The Studio ends on a cliffhanger that encapsulates both ends of this feeling, capturing the contradictory nature of working in Hollywood and the ways it forces you to become complicit with the machine, all while trying to break it apart. The team desperately try to execute a perfect presentation at CinemaCon that will prove to the investors that Continental is thriving and shouldn’t be sold. Naturally, nearly everything goes wrong in the buildup to the presentation, with the fate of the studio hanging in the balance as they scramble to create solutions to their laughable array of disasters.
But just as all hope seems lost, with the team having to pull off a ‘Weekend at Bernie’s’ manoeuvre on their studio head after an accidental overdose, there’s a glimmer of promise within the madness, with Matt encouraging the audience to chant “Movies! Movies! Movies!” to distract from Griffin’s state of inebriation. The episode ends on a close-up of Matt’s face as the chant grows louder, a smile spreading as he stands before the crowd.
The show has been renewed for a second season, and there is an abundance of systemic issues within Hollywood for Rogen to explore, but the final episode leaves us with many thoughts. While the central team can sometimes be completely inept and out-of-touch, it captures the madness and mayhem beneath the bowels of the ship and the chaos created to keep it running. The Studio both mocks these issues and Hollywood archetypes while making us feel sympathy for a dream that has been corrupted by the system. There is no doubt that Matt has achieved the life he always dreamt of, but during the first episode, he sadly reflects on the fact that while he loves movies, he has inadvertently been tasked with destroying them.
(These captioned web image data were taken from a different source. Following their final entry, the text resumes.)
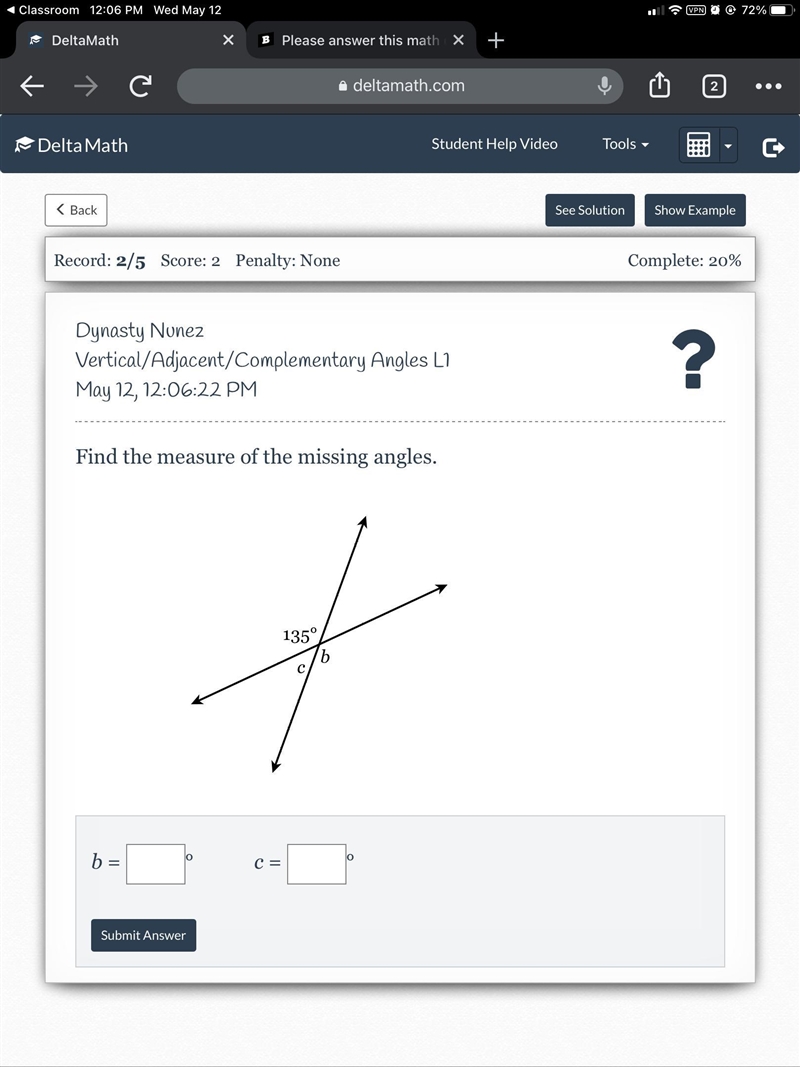 Please answer this math question for me-example-1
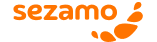 logo-sezamo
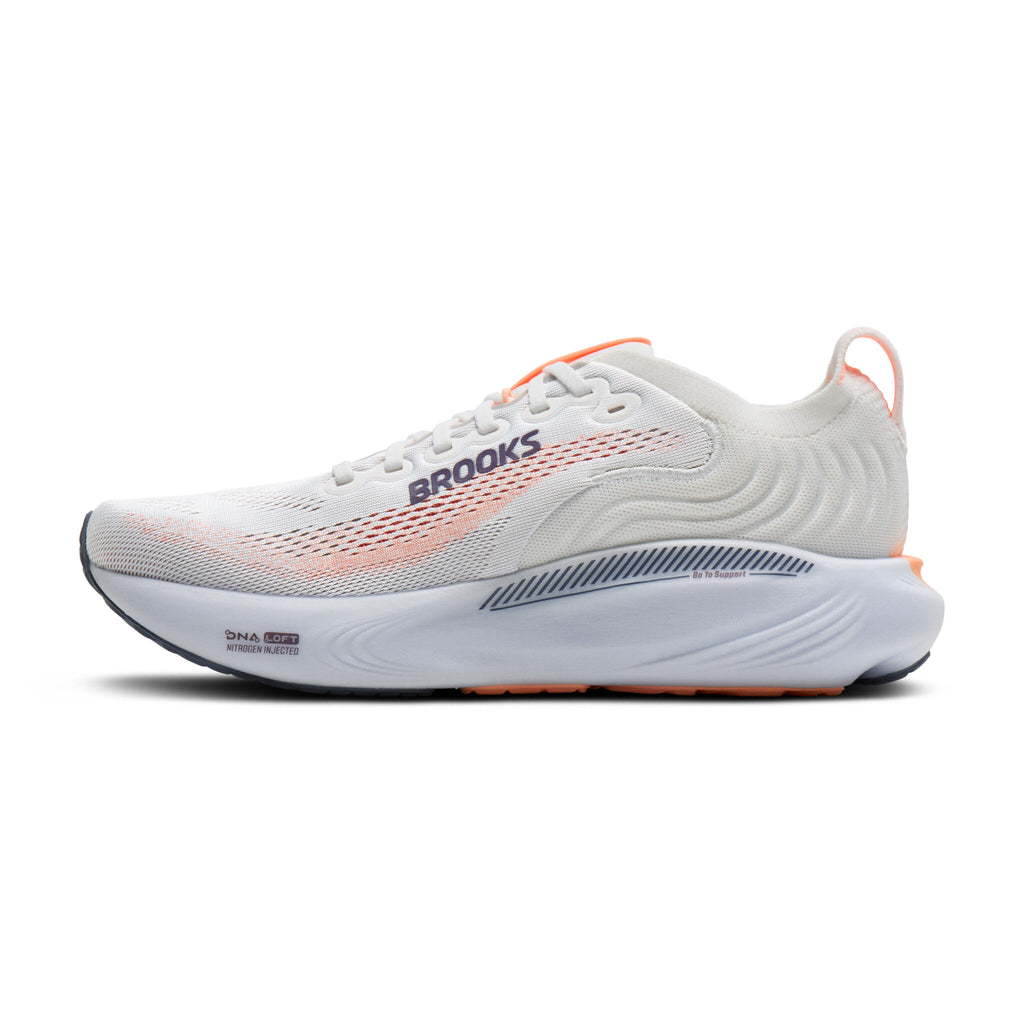 Brooks Adrenaline GTS 25 ( 1B 062 ) Regular Width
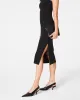 SPANXshape™ Ponte Midi Tank Dress sold by SPANX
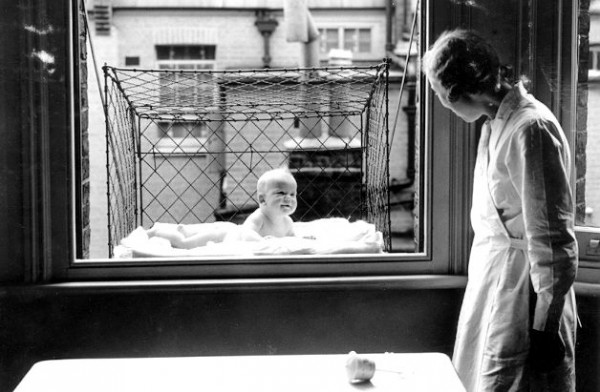 Wire-baby-cage-600x392.jpg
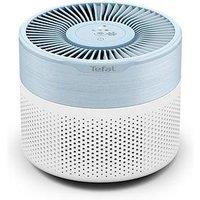 Tefal Pure Air Mini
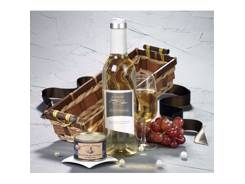 Coffret gastronomique foie gras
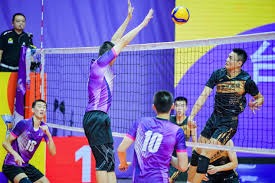 [羽毛球]亚巡赛搭平台 奥运冠军播撒热爱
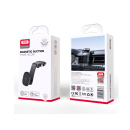 XO Magnetische KFZ-Handy-Halterung C101 – schwarz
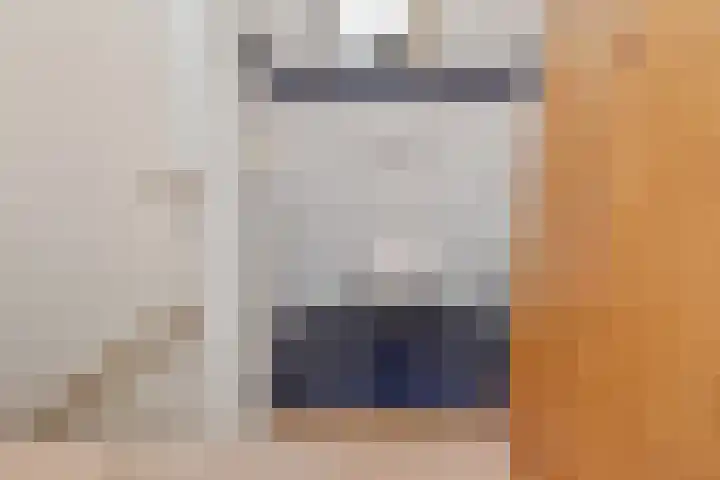 Broekslootkade 69 Rijswijk thumbnail 25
It’s an impossible job, and perhaps one that cannot be done.
Given the overwhelmingly capitalist infrastructure of the modern film industry, any position of power in Hollywood would be borderline torturous for any genuine cinephile. I would argue that the people at the very top are only able to ‘succeed’ (I say that in the broadest sense of the word) because they don’t love movies – it’s all just profit and product. But the true tragedy of The Studio lies in just how hostile the industry is to those who truly love film. If you love it wholeheartedly, which Matt clearly does, your dream will destroy you after reaching it, because it no longer exists in the way it used to.
And it is this idea that takes over in that final episode. Despite the pandemonium of Matt’s experiences leading up to CinemaCon, as we slowly watch him lose touch with the hope he had and his faith in cinema as a whole, we see a flicker of this being restored as he watches a crowd light up in their unanimous love for the medium, joining in on a rebellious chant that holds a finger up to these parasitic tech companies who threaten the future of the business he loves. Matt’s face is one of defiance, because despite the very little that’s left of the film industry, he seems to gain just enough steam to keep the ship afloat, and briefly reconnects with the love that got him there in the first place.